Strait of Hormuz alternatives for crude exports

As crude flows through Hormuz are almost at a standstill, we try to explore what are the alternatives and how realistic it is to divert flows to them

By Rohit Rathod

As conflict erupted in the Middle East Gulf over the weekend and transits via the Strait of Hormuz ceased, a lot has been discussed about the potential impact on crude oil transiting this crucial chokepoint. As flows through the strait are almost at a standstill, the fate of ~16mbd of crude exports out of the Middle East Gulf remains uncertain. With this insight we try to explore what options are available and how realistic it is to divert crude exports through these alternatives.

Let’s start with the first and the largest alternative - rerouting Saudi Arabia’s crude exports from the Middle East Gulf to the Red Sea port of Yanbu via the East-West pipeline which on paper has the capacity to move ~7mbd of crude towards the Red Sea. 

Historically, loadings out of Yanbu have remained much much lower with Feb-26 loadings coming in at ~1.4mbd. The pipeline also brings crude to the ~400kbd Saudi Aramco Mobil Refinery (SAMREF), the ~400kbd Yanbu Aramco Sinopec Refining Company (YSREF) refinery and the ~240kbd Aramco Yanbu Refinery located in Yanbu, which makes up about ~1mbd of the pipeline capacity. Then there’s also the question about how much can the terminals at Yanbu load, with some estimates putting this capacity at ~3mbd.

Looking at the crude loadings out of Yanbu, around 40% of these loadings end up in Saudi Arabia itself and given the current market dynamics could easily be redirected to exports. From a realistic perspective, this alternative only serves the buyers in Europe and North America via the Suez Canal or Sumed pipeline. 

Saudi crude exports to Asia out of the Red Sea have been pretty stable, averaging about ~100kbd or around two VLCCs a month. Also, Yanbu exports have mainly consisted of Arab Light crude whereas Asian buyers have preferred heavier Arab grades but the pipeline can also handle heavier grades. 

As transiting the Hormuz has been more and more difficult and uncertain, Aramco has offered the option to load from Yanbu to Asian buyers (Argus). What also remains uncertain is the route to Asia via Bab-el-Mandeb which is also at risk since the Houthis have also announced resumption of their attacks.

The next alternative is the Abu Dhabi Crude Oil Pipeline (ADCOP), a ~1.5mbd pipeline from the onshore Habshan field to the port city of Fujairah. Loadings out of Fujairah have averaged ~1.1mbd in 2025 and have remained above ~1mbd so far in 2026. Given, the 100kbd Vitol FRCL refinery in Fujairah is also served by this pipeline, the actual capacity to ramp up loadings out of Fujairah remain limited.

It is important to note that this pipeline and the port of Fujairah with all the storage facilities are close to the strait and as of Tuesday, they have been hit by drones.
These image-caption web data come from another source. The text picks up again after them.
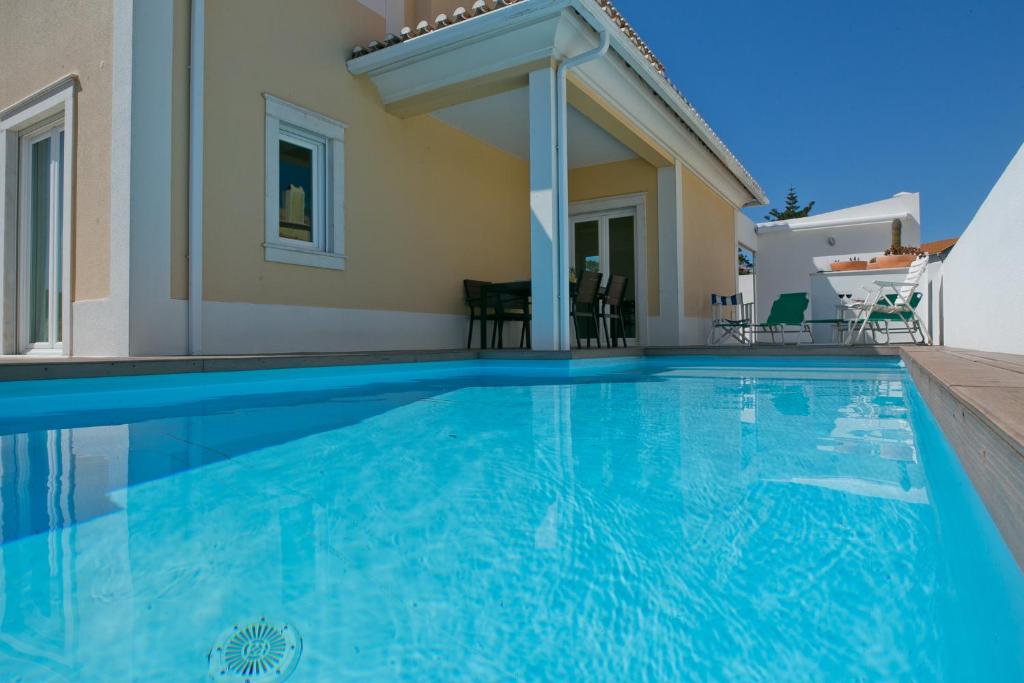 Imagem de VILLA MIRAFLORES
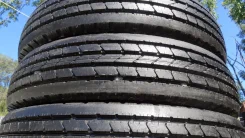 Goodyear Flexsteel G220. ������, 2015 ���, ����� ����
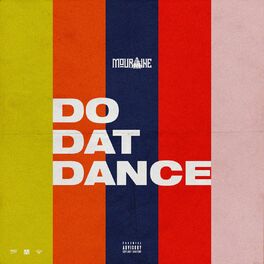 Album cover of Do Dat Dance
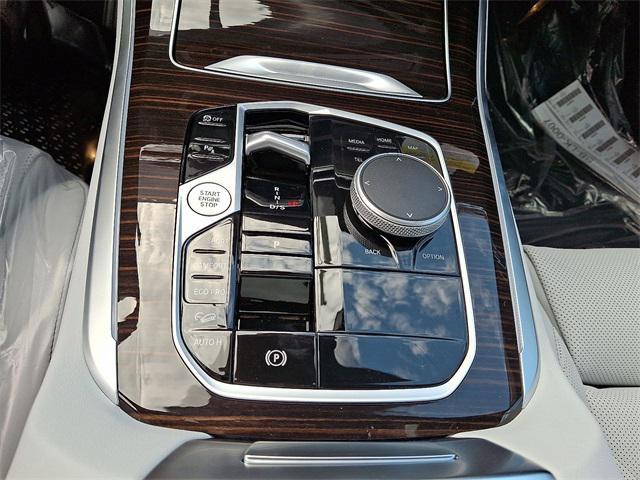 new 2026 BMW X5 car, priced at $76,075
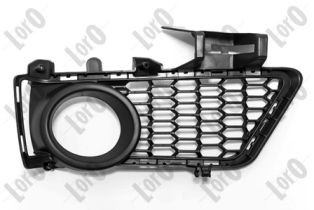 Great value for money - ABAKUS Bumper grill 004-33-453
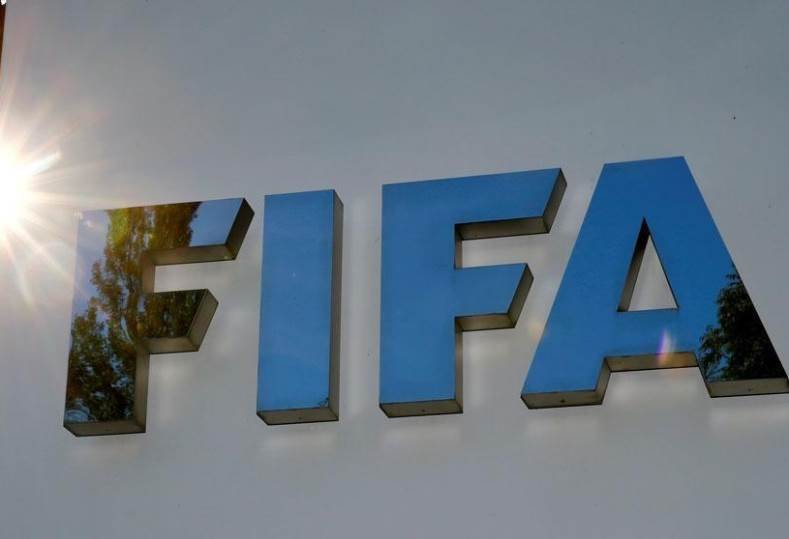 فيفا يكشف تفاصيل بث مباريات دور الثمانية للدوري الأفريقي عبر منصته الرسمية فيفا يكشف تفاصيل بث مباريات دور الثمانية للدوري الأفريقي عبر منصته الرسمية
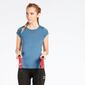 Camiseta Denim Ilico Basic
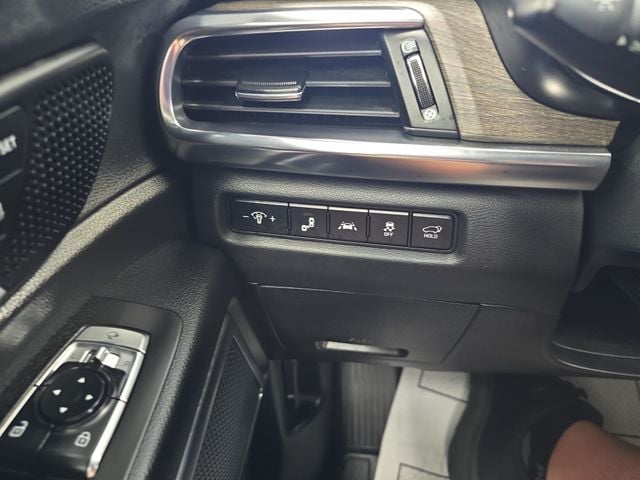 Pre-Owned 2022 Kia Telluride SX - photo - 21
Storage operators have already suspended operations and we have also seen a drop in loadings out of Fujairah. We have already observed a tanker load partially before moving out as storage facilities were attacked and if operations remain suspended for longer, Fujairah no longer remains a viable alternative.

On the Iranian side, the alternatives are actually not yet ready. There is the Gorreh-Jask pipeline is operational since 2021, carrying ~300kbd of crude initially from Goreh in Bushehr Province to Bandar-e-Jask outside the strait of Hormuz with eventual capacity expected to reach ~1mbd (no confirmation of this having been achieved as of 2026). Jask was supposed to reduce the reliance on Kharg Island by bypassing the Strait of Hormuz but on the eve of the conflict, crude loadings from Jask have remained sporadic, again suggesting that the facilities might not be ready.

There is still uncertainty around how long this conflict will continue, but we should expect flows to redirect and see increased crude exports out of Yanbu as well as Fujairah to a small extent as buyers try to secure barrels. What remains to be seen is the impact this will have on vessel tonne-miles in a scenario where vessels heading to Asia from Yanbu will have to go through the Suez Canal and around the Cape of Good Hope (due to the Houthi threat) with already high freight rates.